Blox provides open source schedulers optimized for running applications on Amazon ECS. Developers now have greater control over how their applications are deployed across clusters of resources, run and scale in production, and can take advantage of powerful placement capabilities of Amazon ECS. Blox is being delivered as a managed service via the Amazon ECS Console, API and CLIs. Blox v1.0 provides daemon scheduling for Amazon ECS. We will continue to add additional schedulers as part of this project. Blox schedulers are built using AWS primitives, and the Blox designs and code are open source. If you are interested in learning more or collaborating on the designs, please read the design. If you are currently using Blox v0.3, please read the FAQ.
For an overview of the components of Blox, run:
./gradlew projects
To run the full unit test suite, run:
./gradlew check
This will run the same tests that we run in the Travis CI build.
First, take a look at what Blox will put in your personal stack by running the
showStackConfig
task:
$ ./gradlew showStackConfig
> Task :showStackConfig
Blox deployment stack configuration:
Default resource name (blox.name): blox-<username>-alpha-us-west-2 (default)
API Gateway stage (blox.stage): alpha (default)
Stack prefix (blox.prefix): <username>-alpha (default)
AWS Region (blox.region): us-west-2 (default)
AWS Credential Profile (blox.profile): blox-<username>-alpha-us-west-2 (default)
Cloudformation stack name (blox.cfnStack): blox-<username>-alpha-us-west-2 (default)
Deployment S3 bucket name (blox.s3Bucket): blox-<username>-alpha-us-west-2 (default)
To customize these values, modify ~/.gradle/gradle.properties to override the property listed.

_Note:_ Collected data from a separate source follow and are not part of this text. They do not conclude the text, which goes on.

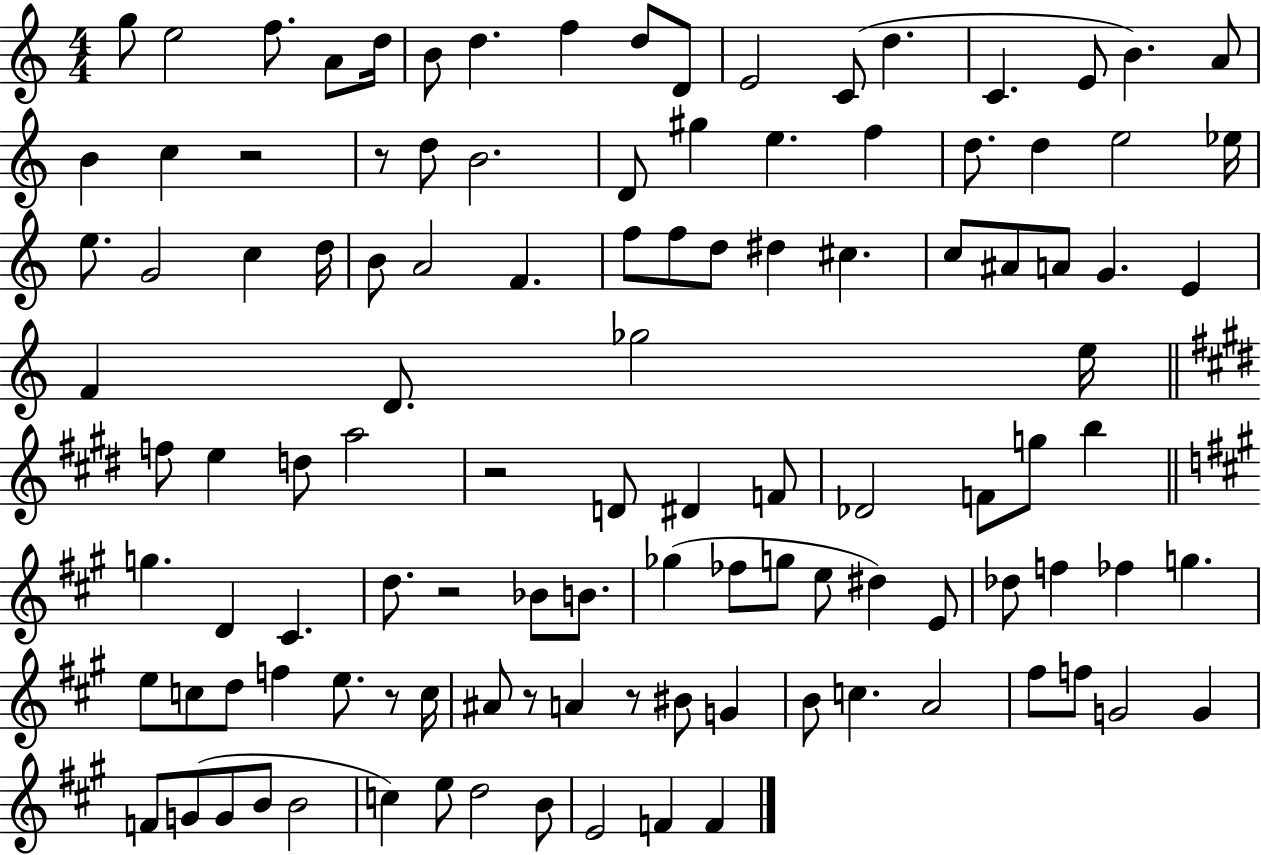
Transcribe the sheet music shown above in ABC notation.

X:1
T:Untitled
M:4/4
L:1/4
K:C
g/2 e2 f/2 A/2 d/4 B/2 d f d/2 D/2 E2 C/2 d C E/2 B A/2 B c z2 z/2 d/2 B2 D/2 ^g e f d/2 d e2 _e/4 e/2 G2 c d/4 B/2 A2 F f/2 f/2 d/2 ^d ^c c/2 ^A/2 A/2 G E F D/2 _g2 e/4 f/2 e d/2 a2 z2 D/2 ^D F/2 _D2 F/2 g/2 b g D ^C d/2 z2 _B/2 B/2 _g _f/2 g/2 e/2 ^d E/2 _d/2 f _f g e/2 c/2 d/2 f e/2 z/2 c/4 ^A/2 z/2 A z/2 ^B/2 G B/2 c A2 ^f/2 f/2 G2 G F/2 G/2 G/2 B/2 B2 c e/2 d2 B/2 E2 F F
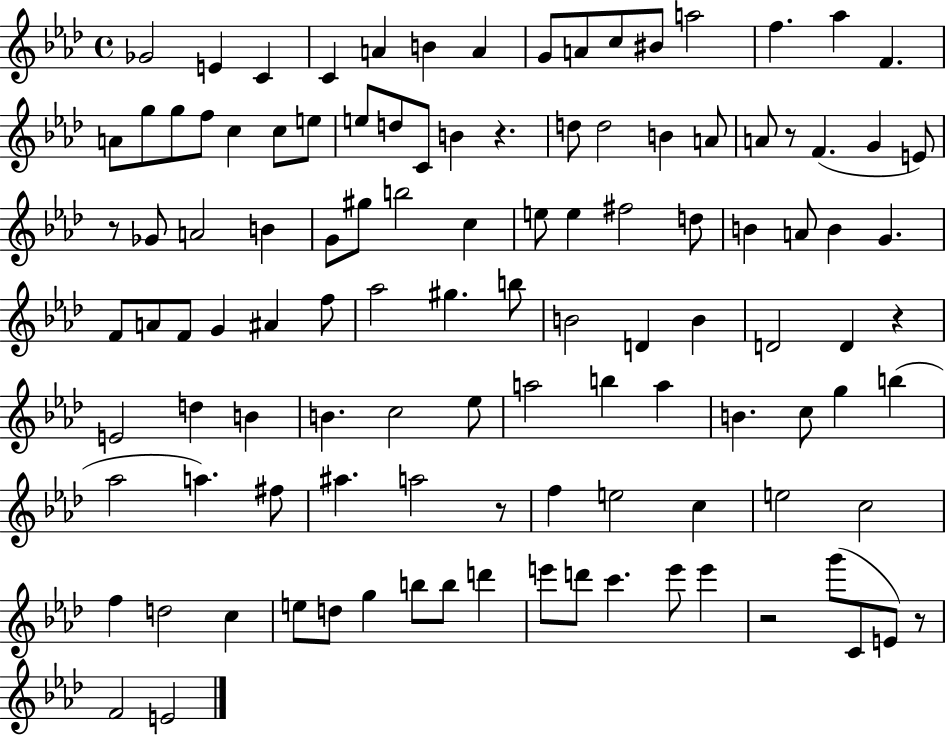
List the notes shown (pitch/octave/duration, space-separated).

Gb4/h E4/q C4/q C4/q A4/q B4/q A4/q G4/e A4/e C5/e BIS4/e A5/h F5/q. Ab5/q F4/q. A4/e G5/e G5/e F5/e C5/q C5/e E5/e E5/e D5/e C4/e B4/q R/q. D5/e D5/h B4/q A4/e A4/e R/e F4/q. G4/q E4/e R/e Gb4/e A4/h B4/q G4/e G#5/e B5/h C5/q E5/e E5/q F#5/h D5/e B4/q A4/e B4/q G4/q. F4/e A4/e F4/e G4/q A#4/q F5/e Ab5/h G#5/q. B5/e B4/h D4/q B4/q D4/h D4/q R/q E4/h D5/q B4/q B4/q. C5/h Eb5/e A5/h B5/q A5/q B4/q. C5/e G5/q B5/q Ab5/h A5/q. F#5/e A#5/q. A5/h R/e F5/q E5/h C5/q E5/h C5/h F5/q D5/h C5/q E5/e D5/e G5/q B5/e B5/e D6/q E6/e D6/e C6/q. E6/e E6/q R/h G6/e C4/e E4/e R/e F4/h E4/h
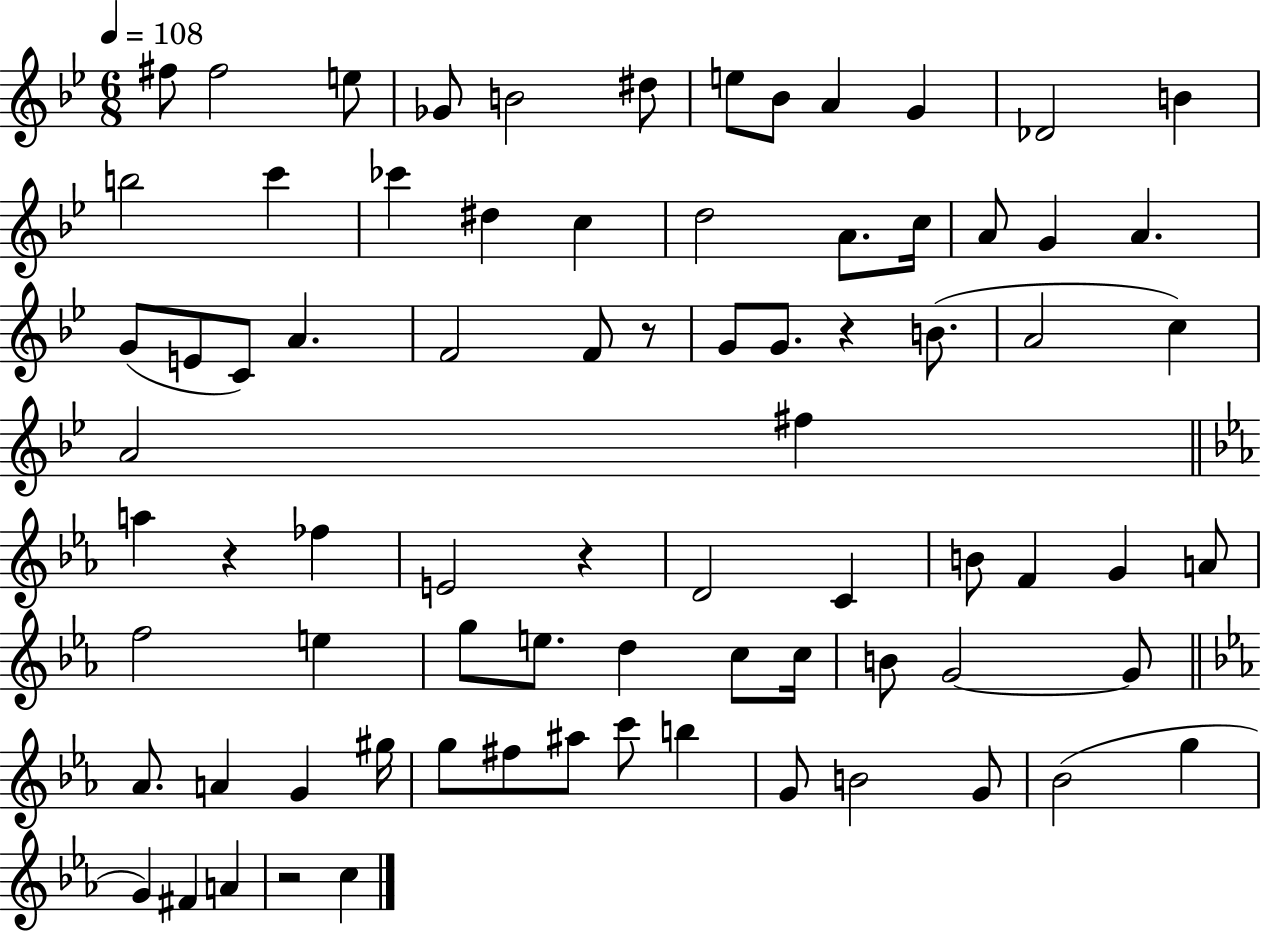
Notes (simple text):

F#5/e F#5/h E5/e Gb4/e B4/h D#5/e E5/e Bb4/e A4/q G4/q Db4/h B4/q B5/h C6/q CES6/q D#5/q C5/q D5/h A4/e. C5/s A4/e G4/q A4/q. G4/e E4/e C4/e A4/q. F4/h F4/e R/e G4/e G4/e. R/q B4/e. A4/h C5/q A4/h F#5/q A5/q R/q FES5/q E4/h R/q D4/h C4/q B4/e F4/q G4/q A4/e F5/h E5/q G5/e E5/e. D5/q C5/e C5/s B4/e G4/h G4/e Ab4/e. A4/q G4/q G#5/s G5/e F#5/e A#5/e C6/e B5/q G4/e B4/h G4/e Bb4/h G5/q G4/q F#4/q A4/q R/h C5/q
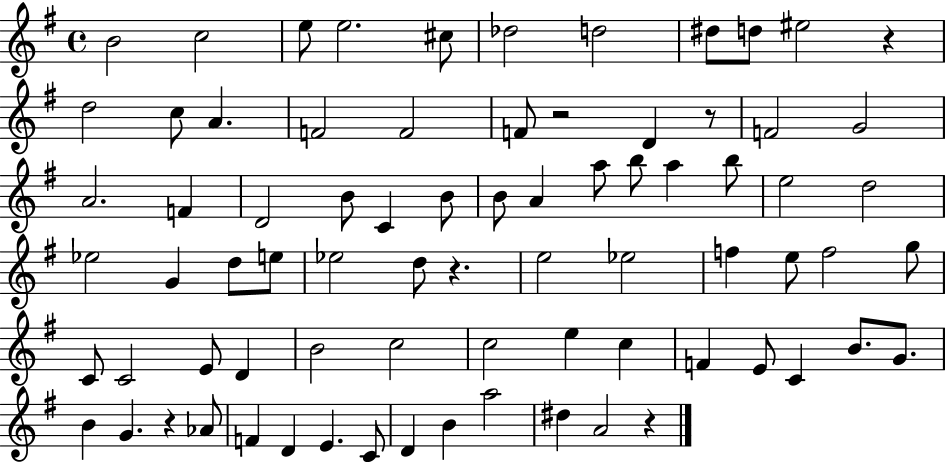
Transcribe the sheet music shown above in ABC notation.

X:1
T:Untitled
M:4/4
L:1/4
K:G
B2 c2 e/2 e2 ^c/2 _d2 d2 ^d/2 d/2 ^e2 z d2 c/2 A F2 F2 F/2 z2 D z/2 F2 G2 A2 F D2 B/2 C B/2 B/2 A a/2 b/2 a b/2 e2 d2 _e2 G d/2 e/2 _e2 d/2 z e2 _e2 f e/2 f2 g/2 C/2 C2 E/2 D B2 c2 c2 e c F E/2 C B/2 G/2 B G z _A/2 F D E C/2 D B a2 ^d A2 z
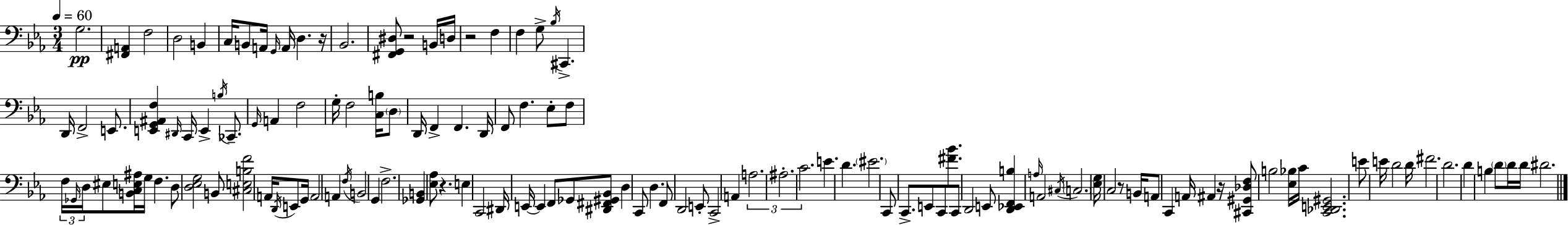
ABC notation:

X:1
T:Untitled
M:3/4
L:1/4
K:Cm
G,2 [^F,,A,,] F,2 D,2 B,, C,/4 B,,/2 A,,/4 G,,/4 A,,/4 D, z/4 _B,,2 [^F,,G,,^D,]/2 z2 B,,/4 D,/4 z2 F, F, G,/2 _B,/4 ^C,, D,,/4 F,,2 E,,/2 [E,,G,,^A,,F,] ^D,,/4 C,,/4 E,, B,/4 _C,,/2 G,,/4 A,, F,2 G,/4 F,2 [C,B,]/4 D,/2 D,,/4 F,, F,, D,,/4 F,,/2 F, _E,/2 F,/2 F,/4 _G,,/4 D,/4 ^E,/2 [B,,C,E,^A,]/4 G,/4 F, D,/2 [D,_E,G,]2 B,,/2 [^C,E,B,F]2 A,,/4 D,,/4 E,,/2 G,,/4 A,,2 A,, F,/4 B,,2 G,, F,2 [_G,,B,,] [_E,_A,]/2 z E, C,,2 ^D,,/4 E,,/4 E,, F,,/2 _G,,/2 [^D,,^F,,^G,,_B,,]/2 D, C,,/2 D, F,,/2 D,,2 E,,/2 C,,2 A,, A,2 ^A,2 C2 E D ^E2 C,,/2 C,,/2 E,,/2 C,,/2 [^F_B]/2 C,,/2 D,,2 E,,/2 [D,,_E,,F,,B,] A,/4 A,,2 ^C,/4 C,2 [_E,G,]/4 C,2 z/2 B,,/4 A,,/2 C,, A,,/4 ^A,, z/4 [^C,,^G,,_D,F,]/2 B,2 [_E,_B,]/4 C/4 [C,,_D,,E,,^G,,]2 E/2 E/4 D2 D/4 ^F2 D2 D B, D/2 D/4 D/4 ^D2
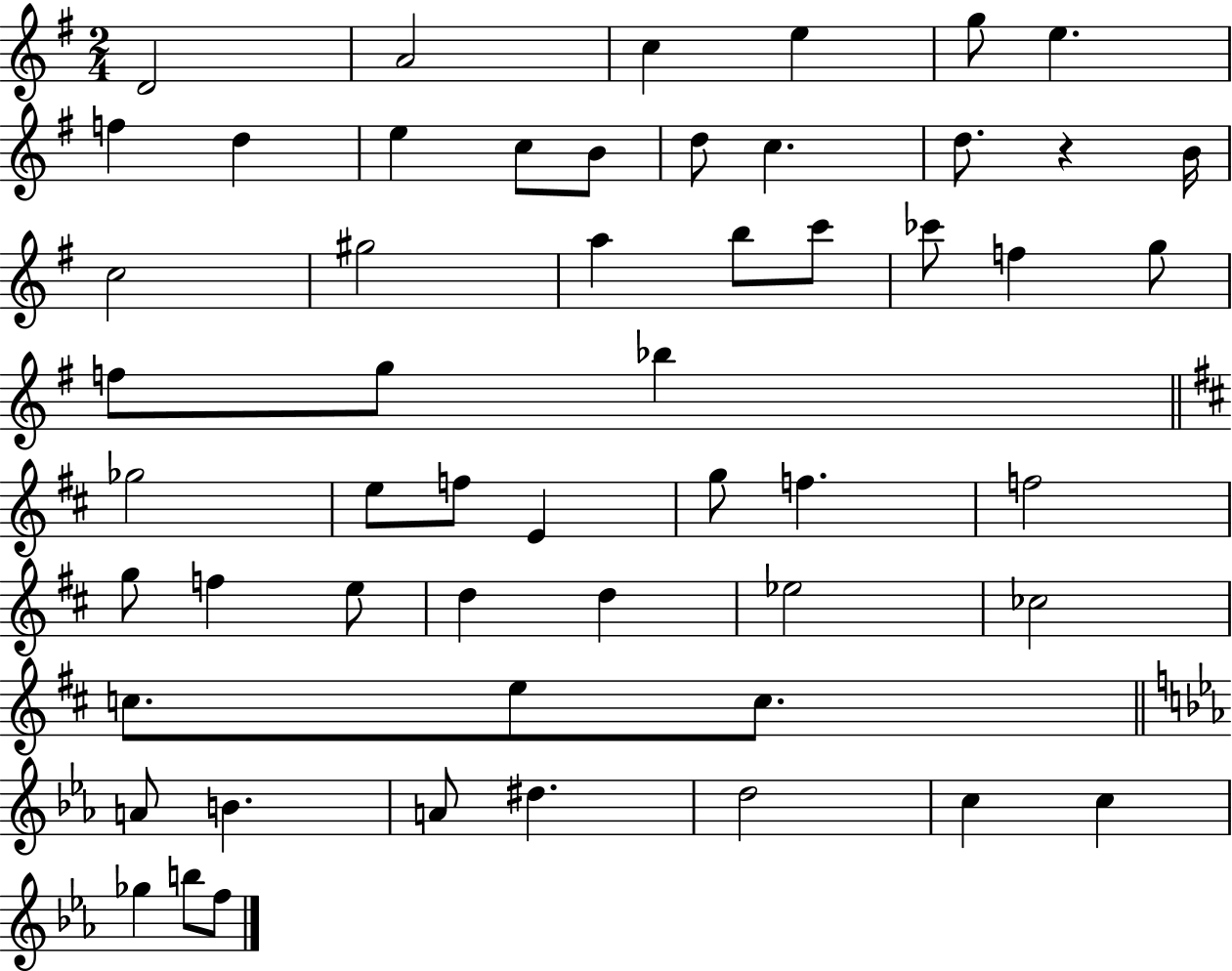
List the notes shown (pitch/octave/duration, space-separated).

D4/h A4/h C5/q E5/q G5/e E5/q. F5/q D5/q E5/q C5/e B4/e D5/e C5/q. D5/e. R/q B4/s C5/h G#5/h A5/q B5/e C6/e CES6/e F5/q G5/e F5/e G5/e Bb5/q Gb5/h E5/e F5/e E4/q G5/e F5/q. F5/h G5/e F5/q E5/e D5/q D5/q Eb5/h CES5/h C5/e. E5/e C5/e. A4/e B4/q. A4/e D#5/q. D5/h C5/q C5/q Gb5/q B5/e F5/e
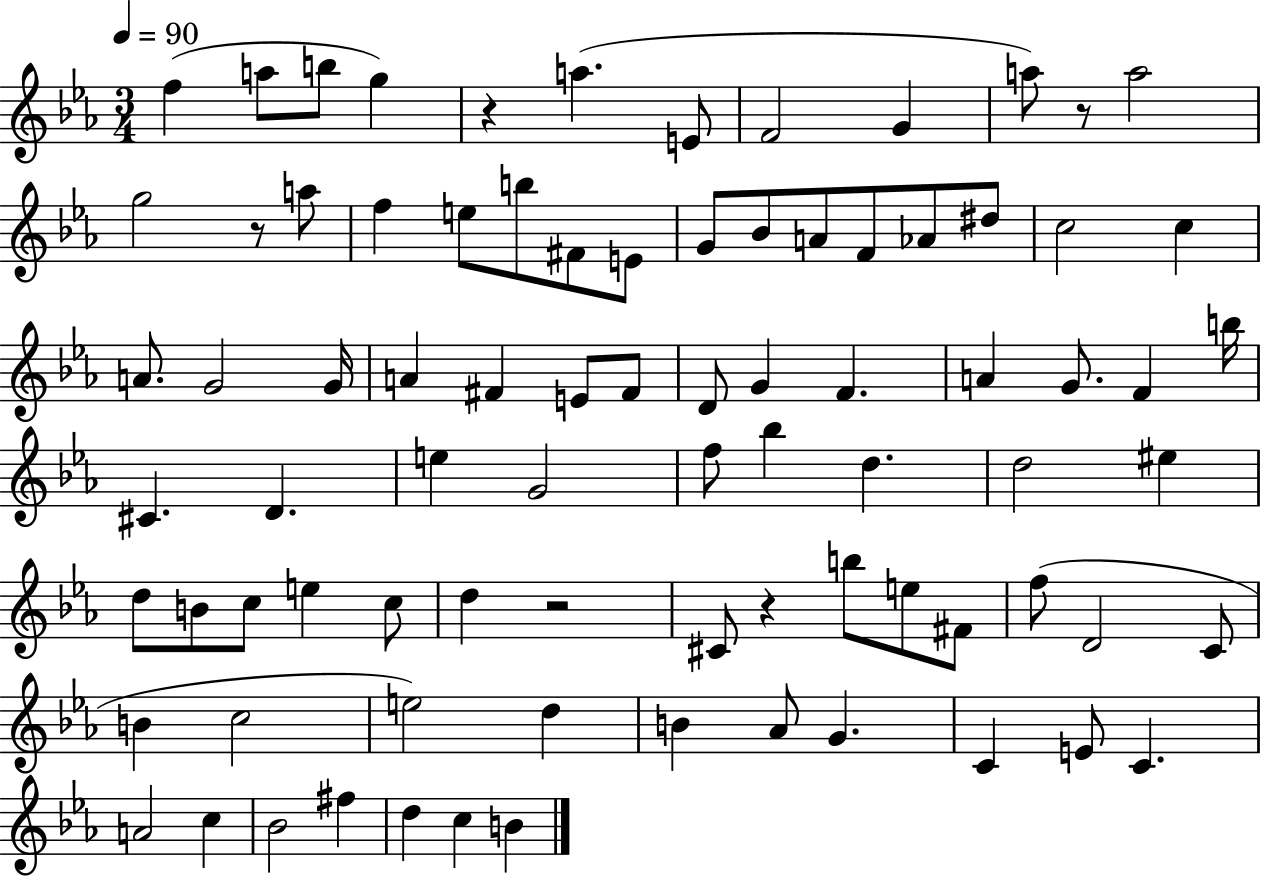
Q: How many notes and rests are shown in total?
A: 83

AWS CLI configuration for profile blox-<username>-alpha-us-west-2:
The config profile (blox-<username>-alpha-us-west-2) could not be found
If you wish to customize any of these values, you can do so by overriding the
property in parentheses using any of the supported ways to override Gradle
properties.
The easiest way is to override it for your user in ~/.gradle/gradle.properties
:
blox.profile=default
blox.region=us-east-1
Next, in order to deploy your personal stack:
-
install the official AWS CLI
-
create an IAM user with the following permissions:
{ "Version":"2012-10-17", "Statement":[{ "Effect":"Allow", "Action":[ "s3:*", "lambda:*", "apigateway:*", "cloudformation:*", "iam:*", "execute-api:*", "events:DescribeRule" ], "Resource":"*" }] }
These permissions are pretty broad, so we recommend you use a separate, test account.
-
configure the AWS Credential Profile shown in the
showStackOutput
task with the AWS credentials for the user you created above:aws configure --profile blox-<username>-alpha-us-west-2 set region us-west-2 aws configure --profile blox-<username>-alpha-us-west-2
-
create an S3 bucket where all resources (code, cloudformation templates, etc) to be deployed will be stored:
./gradlew createBucket
-
deploy the Blox stack:
./gradlew deploy
Once you have a stack deployed, you can test it with:
./gradlew testEndToEnd
All projects under Blox are released under Apache 2.0 and contributions are accepted under individual Apache Contributor Agreements.